Rates start at US$1,750 per person per night, all-inclusive. Activities centre on day hikes into the Cerro Castillo National Park, glacier helicopter access (a Bell 407 is leased seasonally from Aerocardal), and fly fishing on the Ibáñez and Murta rivers.

Estancia Chacabuco — opens 4 December 2026

Tompkins Conservation’s long-rumoured guest expansion at Patagonia National Park finally has a date. The 16-room Estancia Chacabuco lodge, refurbished from the original 1908 sheep estancia at a reported cost of US$22 million, will be operated by Awasi under a 25-year management agreement signed in February 2026. The property will be Awasi’s third Patagonian opening after Torres del Paine and Iguazú, and rates have been confirmed at US$2,900 per person per night, all-inclusive, with private guide-and-vehicle teams assigned per room.

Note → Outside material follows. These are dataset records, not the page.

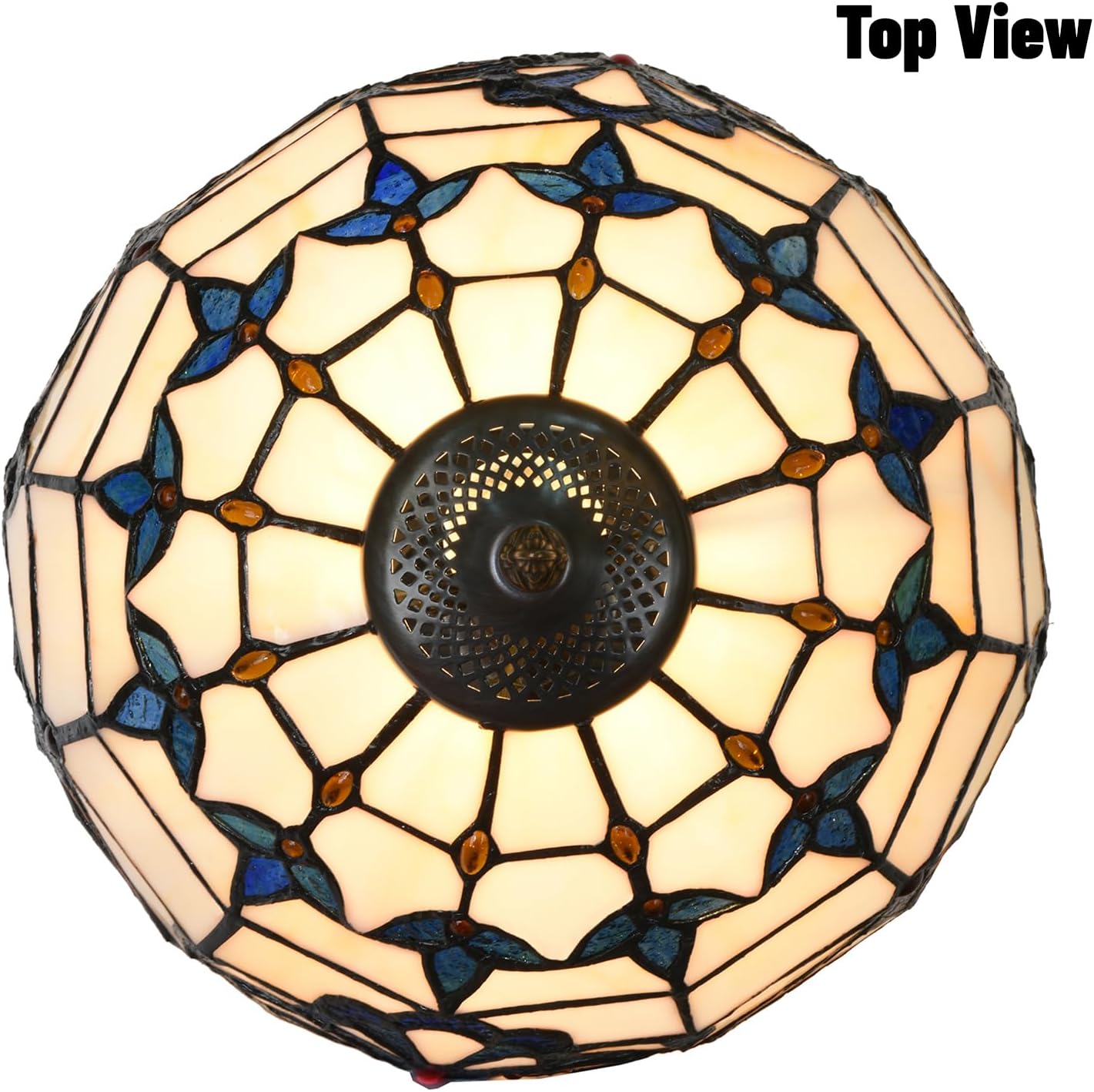 TL0003 Tiffany Table Lamp Bedside Stained Glass Lamp Blue Baroque Reading Desk Light 12X21.5 Inches for Bedroom Living Room Home Office,Vintage Look Handcrafted Accent Décor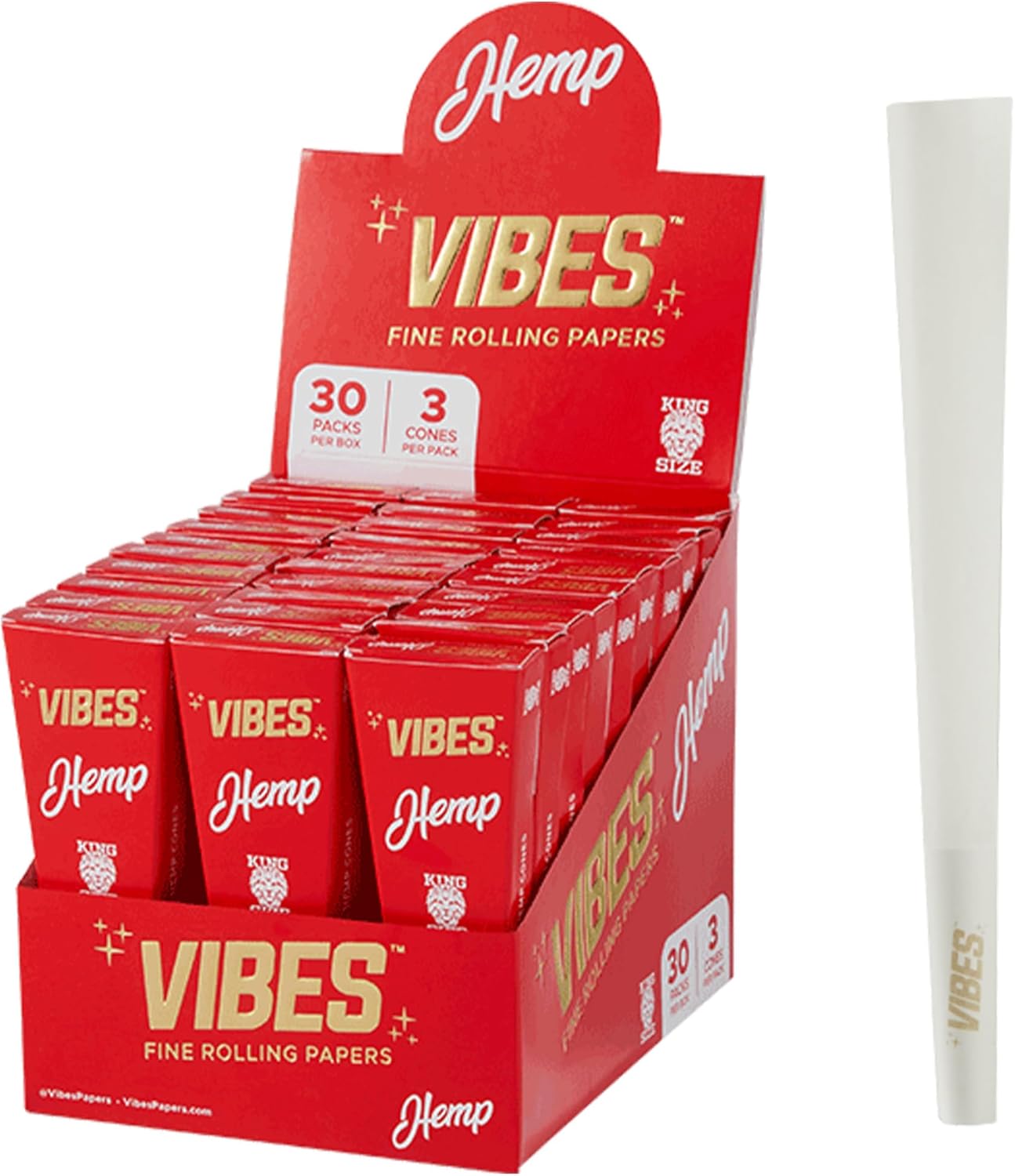 Photograph of product: Cones (King Size) - Vibes (Hemp) 6PK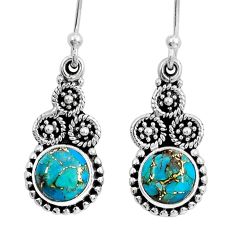 5.06cts natural blue copper turquoise 925 sterling silver dangle earrings y11172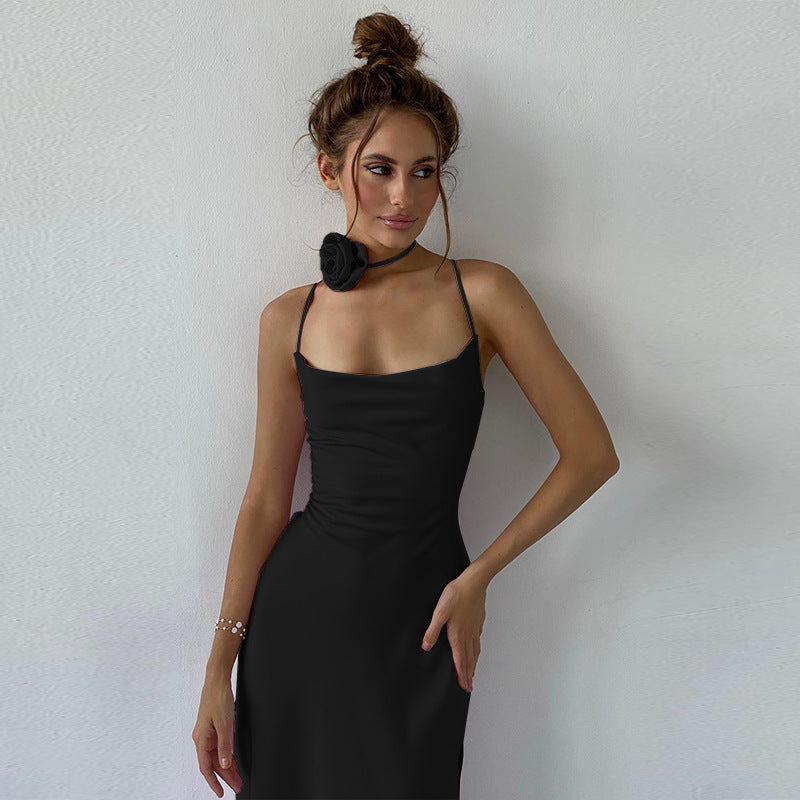 Satin Cowl Neck Lace Up Back High Split Slip Maxi Dress - View 3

Puyuhuapi Glacier Lodge — opens 7 March 2027

The most architecturally ambitious of the four, Puyuhuapi Glacier Lodge is a 24-key property by Argentine practice Estudio Cazenave on a private peninsula at the northern end of the Puyuhuapi fjord. The structure is a 240-metre-long timber pavilion clad in charred lenga, with all rooms facing the Ventisquero Colgante hanging glacier across the water. Rates are not yet public, but a soft-opening package floated to invited guests in April 2026 priced six nights at US$11,400 per person.

What it means for travellers

Aysén has long been the awkward middle child of Patagonian travel — too far north for the Torres del Paine circuit, too far south for the lake district, served by the spectacularly inconvenient Carretera Austral. The new openings will not solve the access problem; LATAM’s Balmaceda (BBA) service still tops out at one daily flight from Santiago in shoulder season. But they do, finally, give travellers an answer to “where do I stay?” that does not require a sleeping bag.

Bookings for the November opening at Cerro Castillo are already 71 percent committed for the first six months, according to Vergara. If you have been waiting for Patagonia’s quiet third corner to grow up, the wait is over.